EXERCISE DIRECTIONS :: Please transcribe exactly the line that holds "Load image into" and all lines that follow it to the end of the records below, omitting any pictures.

[Captioned web image data]
------------

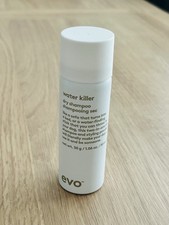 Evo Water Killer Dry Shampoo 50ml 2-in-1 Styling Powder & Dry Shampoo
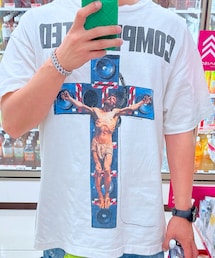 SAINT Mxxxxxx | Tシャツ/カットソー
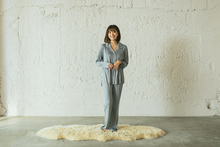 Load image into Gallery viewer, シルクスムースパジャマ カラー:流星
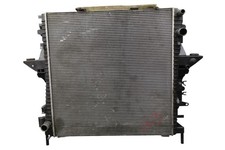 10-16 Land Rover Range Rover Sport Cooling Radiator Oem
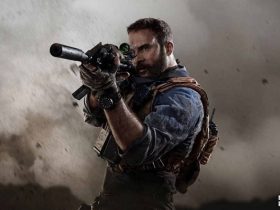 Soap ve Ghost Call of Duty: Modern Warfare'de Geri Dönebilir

------------

WRITTEN ANSWER ::
 Load image into Gallery viewer, シルクスムースパジャマ カラー:流星
 10-16 Land Rover Range Rover Sport Cooling Radiator Oem
 Soap ve Ghost Call of Duty: Modern Warfare'de Geri Dönebilir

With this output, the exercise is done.